Marty: All Harvey, Roger and I are saying is that Norman Lloyd has provided ample interviews on Radio, TV, in the Movies, and in Print which display, if not unconditional affection for Welles, certainly great personal and professional regard for him. When you say, "Now, if Lloyd said something different about Welles in another interview then all I can say is I didn;t hear that one," it's almost as if you hadn't read the interview Lloyd gave to Peter Tonquette (a distinguished occasional contributor here, btw).
Have you read it? Harvey provided a link: http://www.thefilmjournal.com/issue9/lloyd.html
And here are a few excerpts:
Norman Lloyd: "Orson was, in my view, the most talented director that our theatre ever had. He was the first American director to bring a totality to a production."
"NL: [His opinion of Welles' CHIMES AT MIDNIGHT] It's a wonderful picture. There's no question about Orson's gifts. He was the best. I mean, he was the most talented that we've had. The tragedy, as far as Hollywood is concerned, is that they thought he was too rich for their blood. It's unfortunate."
NL: [Speaking of Hollywood's fear that Welles was too extravagant.] "They had this fear that he would in financial ways get them into a bind, which is a laugh when you consider what's happening today."
NL: [Remembering AFI's dinner honoring Welles] ". . . MCA, (was) my agency at that time. They had a table and they knew I had worked with Orson, so they invited me. And we had a little chat, very nice, and that was it."

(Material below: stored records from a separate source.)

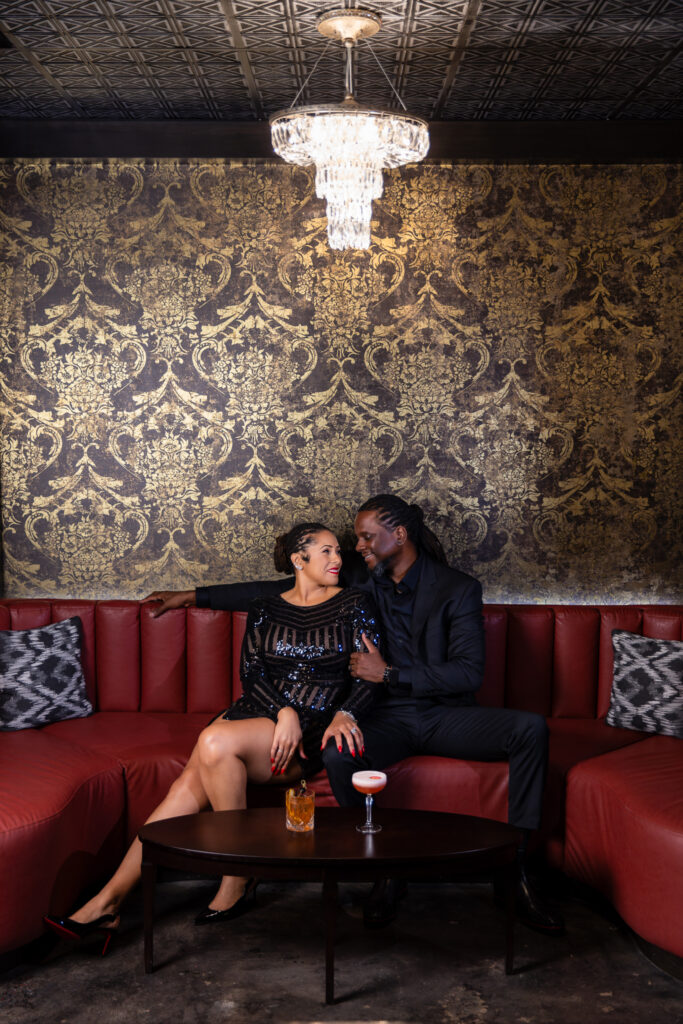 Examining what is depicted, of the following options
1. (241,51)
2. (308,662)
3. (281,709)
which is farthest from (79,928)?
(241,51)

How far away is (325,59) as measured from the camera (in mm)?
3674

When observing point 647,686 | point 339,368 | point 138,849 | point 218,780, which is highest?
point 339,368

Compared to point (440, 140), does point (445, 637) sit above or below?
below

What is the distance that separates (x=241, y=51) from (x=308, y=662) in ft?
7.26

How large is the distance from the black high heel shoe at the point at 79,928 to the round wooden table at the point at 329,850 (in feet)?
0.58

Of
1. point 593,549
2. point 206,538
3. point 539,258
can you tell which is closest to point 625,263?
point 539,258

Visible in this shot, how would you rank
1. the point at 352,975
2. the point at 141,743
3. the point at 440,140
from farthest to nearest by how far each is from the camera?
1. the point at 440,140
2. the point at 141,743
3. the point at 352,975

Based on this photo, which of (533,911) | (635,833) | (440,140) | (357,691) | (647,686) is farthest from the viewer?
(440,140)

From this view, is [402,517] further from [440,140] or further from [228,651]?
[440,140]

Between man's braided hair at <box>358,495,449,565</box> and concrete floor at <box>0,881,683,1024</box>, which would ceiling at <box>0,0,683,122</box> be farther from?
concrete floor at <box>0,881,683,1024</box>

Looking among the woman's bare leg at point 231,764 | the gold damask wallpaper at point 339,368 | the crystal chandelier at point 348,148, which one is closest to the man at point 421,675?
the woman's bare leg at point 231,764

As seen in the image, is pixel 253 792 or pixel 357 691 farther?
pixel 357 691

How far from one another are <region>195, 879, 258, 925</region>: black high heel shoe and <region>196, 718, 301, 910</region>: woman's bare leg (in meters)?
0.02

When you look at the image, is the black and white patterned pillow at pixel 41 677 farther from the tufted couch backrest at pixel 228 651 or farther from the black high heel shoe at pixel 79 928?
the black high heel shoe at pixel 79 928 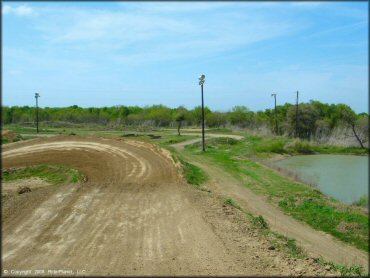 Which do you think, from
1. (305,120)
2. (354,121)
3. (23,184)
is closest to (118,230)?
(23,184)

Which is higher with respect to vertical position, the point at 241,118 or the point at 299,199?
the point at 241,118

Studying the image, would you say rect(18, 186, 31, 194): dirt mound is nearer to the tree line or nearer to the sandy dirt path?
the sandy dirt path

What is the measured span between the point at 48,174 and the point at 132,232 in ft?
40.0

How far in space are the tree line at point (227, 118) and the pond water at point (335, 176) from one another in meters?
15.6

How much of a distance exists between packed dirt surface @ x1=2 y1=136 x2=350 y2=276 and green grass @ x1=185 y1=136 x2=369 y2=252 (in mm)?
4642

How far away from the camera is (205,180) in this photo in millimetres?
23859

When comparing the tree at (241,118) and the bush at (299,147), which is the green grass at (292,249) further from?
the tree at (241,118)

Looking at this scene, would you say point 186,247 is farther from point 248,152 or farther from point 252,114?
point 252,114

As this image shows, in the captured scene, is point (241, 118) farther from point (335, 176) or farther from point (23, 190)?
point (23, 190)

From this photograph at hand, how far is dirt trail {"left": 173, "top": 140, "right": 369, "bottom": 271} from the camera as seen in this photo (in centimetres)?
1461

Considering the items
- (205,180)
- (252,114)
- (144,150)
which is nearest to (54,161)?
(144,150)

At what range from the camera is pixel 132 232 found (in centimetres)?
1277

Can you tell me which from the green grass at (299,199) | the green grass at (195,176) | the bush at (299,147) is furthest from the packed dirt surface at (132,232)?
the bush at (299,147)

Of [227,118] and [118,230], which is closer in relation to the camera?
[118,230] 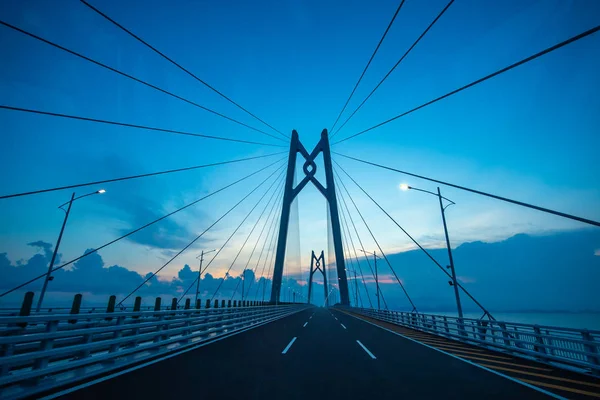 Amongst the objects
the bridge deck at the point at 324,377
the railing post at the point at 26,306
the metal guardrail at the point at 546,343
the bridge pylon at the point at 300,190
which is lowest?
the bridge deck at the point at 324,377

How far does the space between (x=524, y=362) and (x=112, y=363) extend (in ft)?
34.8

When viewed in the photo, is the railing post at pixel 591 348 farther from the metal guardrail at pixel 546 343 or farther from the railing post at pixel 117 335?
the railing post at pixel 117 335

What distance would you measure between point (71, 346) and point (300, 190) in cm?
3277

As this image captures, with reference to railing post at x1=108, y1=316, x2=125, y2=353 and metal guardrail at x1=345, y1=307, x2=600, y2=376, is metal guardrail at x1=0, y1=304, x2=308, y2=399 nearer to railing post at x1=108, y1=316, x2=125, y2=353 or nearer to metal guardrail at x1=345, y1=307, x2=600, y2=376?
railing post at x1=108, y1=316, x2=125, y2=353

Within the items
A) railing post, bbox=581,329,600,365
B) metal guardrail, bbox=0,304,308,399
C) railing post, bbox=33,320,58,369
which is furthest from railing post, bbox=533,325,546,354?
railing post, bbox=33,320,58,369

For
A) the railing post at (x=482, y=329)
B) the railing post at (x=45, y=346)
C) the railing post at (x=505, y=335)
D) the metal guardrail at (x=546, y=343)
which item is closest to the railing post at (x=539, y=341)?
the metal guardrail at (x=546, y=343)

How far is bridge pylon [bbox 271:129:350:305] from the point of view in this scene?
105ft

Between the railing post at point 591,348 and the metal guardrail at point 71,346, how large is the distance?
10.3 metres

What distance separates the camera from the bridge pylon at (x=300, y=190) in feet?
105

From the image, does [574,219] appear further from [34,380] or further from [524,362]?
[34,380]

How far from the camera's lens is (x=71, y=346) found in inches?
220

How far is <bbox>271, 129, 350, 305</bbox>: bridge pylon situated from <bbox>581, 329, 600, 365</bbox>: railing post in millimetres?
26126

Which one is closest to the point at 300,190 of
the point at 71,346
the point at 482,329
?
the point at 482,329

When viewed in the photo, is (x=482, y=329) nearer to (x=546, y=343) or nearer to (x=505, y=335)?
(x=505, y=335) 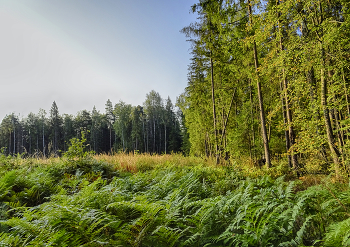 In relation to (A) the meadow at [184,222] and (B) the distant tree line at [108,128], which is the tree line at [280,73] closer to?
(A) the meadow at [184,222]

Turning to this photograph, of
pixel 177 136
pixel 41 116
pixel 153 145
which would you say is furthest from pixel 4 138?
pixel 177 136

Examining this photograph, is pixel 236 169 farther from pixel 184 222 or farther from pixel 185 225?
pixel 185 225

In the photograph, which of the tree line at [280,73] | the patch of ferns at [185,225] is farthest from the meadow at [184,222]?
the tree line at [280,73]

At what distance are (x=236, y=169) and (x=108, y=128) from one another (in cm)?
4221

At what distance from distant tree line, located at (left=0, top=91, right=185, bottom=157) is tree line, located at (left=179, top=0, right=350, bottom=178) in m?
24.0

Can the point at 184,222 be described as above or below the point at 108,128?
below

NL: [On the last time he saw Welles, at a Director's Guild week honoring Welles, and the reasons for any difficulty with their relationship] ". . . And then after it, I went over to greet him and he embraced me in an enormous bear hug and whispered in my ear, "You son of a bitch." [Laughs] And that was the last time I saw him . . . . Not a bad good-bye. You see, Orson was a jolly fellow when he had humor. He was a temperamental fellow. He was difficult to discipline. I always regretted that my relationship with him always had a kind of tension in it. Now part of that is due to the fact that we were very young at the time. We were 22, then became 23 during that period. There was this enormous success and there were jealousies involved, maybe not on his part, but I think on my part I was cocky-not jealous so much as I had a chip on my shoulder. I always regretted that I didn't have a warmer relationship with him . . . ."
I could go on, but Lloyd sums up: "Well, my memory of Orson-at this instance, which is sixty-seven years later-my memory of him is of a very vital, enormous gift to the theatre. The rehearsals and so forth. The richness of his personality. The energy, the vitality, the bigness, full of ideas, and laughing all the time . . . ."
All of this, Martyn, doesn't call up Lloyd as a man who has utter disdain for the work and talents of Orson Welles. He does admit here, and in some passages I have not quoted, that they both had temperamental differences, which is almost a commonplace among artistic people.
So nearly as I can figure from the internal evidence of the transcript, and Tonquette's commentary, this interview took place about five years ago, when Lloyd was 89. It is possible that he has become terminally embittered toward Welles and his work in the time since -- but rather unlikely.